European stocks edge lower

European stocks edged lower on Wednesday, following the previous day’s declines on Wall Street, as markets showed little reaction to robust German economic data.

The region-wide Stoxx 600 fell 0.2 per cent, while Germany’s Dax lost 0.3 per cent and France’s Cac 40 slipped 0.2 per cent. London’s FTSE 100 rose 0.3 per cent.

The moves came after German factory orders increased 4.8 per cent in February month on month, beating expectations of 0.5 per cent in the latest positive signal for Europe’s largest economy.

US stocks had fallen on Tuesday following employment data that appeared to show that the labour market in the world’s biggest economy was cooling.

“The release added to the signs that the Fed’s tightening cycle was increasingly having an effect, and the historic levels of tightness in the labour market were finally beginning to ease,” said analysts at Deutsche Bank.

Analysts are looking to the release of non-farm payrolls and the unemployment rate on Friday to provide further clarity. Investors now see a roughly even chance that the US Federal Reserve will raise interest rates by a further quarter percentage point at its next meeting in May or satay on hold.

Futures contracts linked to the blue-chip S&P 500 and the tech-heavy Nasdaq indicated that both indices are expected to open 0.2 per cent lower on Wednesday.

Investors remain on edge over the fallout from the recent banking crisis. On Tuesday, the KBW bank index, which tracks 22 US banks, lost 2 per cent after JPMorgan chief executive Jamie Dimon warned that the crisis was “not yet over” and its effects would be felt for “years to come”. The Stoxx 600 Banks index lost 0.9 per cent.

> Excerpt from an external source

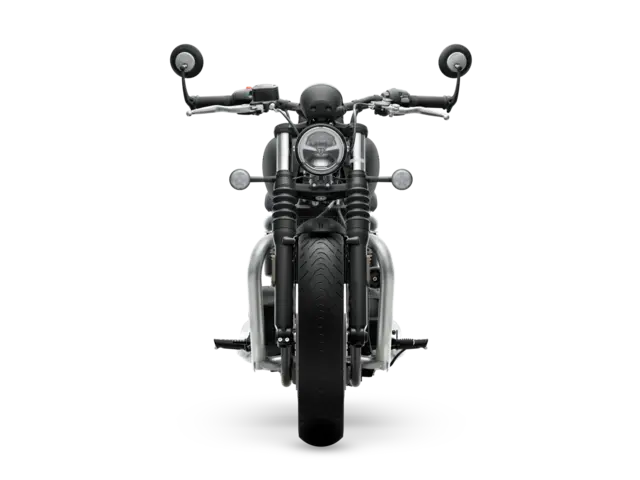 Triumph Bonneville Bobber 2026 SATIN MINERAL GREY/SATIN SAPPHIRE BLACK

“So far the contagion has been contained but I think we lack perspective on the broader ramifications of the end of easy money and higher interest rates,” said Emmanuel Cau, head of European equity strategy at Barclays. “There may be pockets of instability.”

In Asia, the Hang Seng index closed down 0.7 per cent, while China’s CSI 300 gained 0.3 per cent.

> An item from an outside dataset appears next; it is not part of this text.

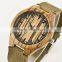 Japanese Movement Zebra Wood watch wrist watches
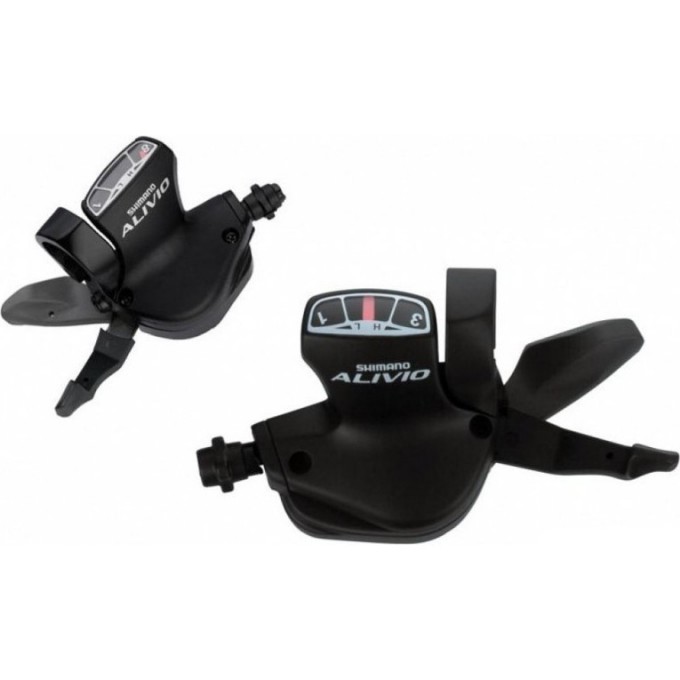 Шифтер SHIMANO ALIVIO, M4010, левый, 2 скорости, трос 1800 мм ESLM4010LB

Treasury prices fell, with the yield on 2-year Treasuries rising 0.04 percentage points to 3.87 per cent, and the yield on 10-year bonds gaining 0.02 percentage points to 3.35 per cent. On Tuesday, the yield on 10-year notes fell to 3.34, the lowest level since September.

The dollar index, which measures the greenback against a basket of six peer currencies, rose 0.1 per cent.

Oil prices continued to climb with Brent crude up 0.2 per cent to $85.12 a barrel and WTI up 0.2 per cent to $80.82 a barrel. Gold rose 0.2 per cent to 2,024.29, its highest level since March 2022.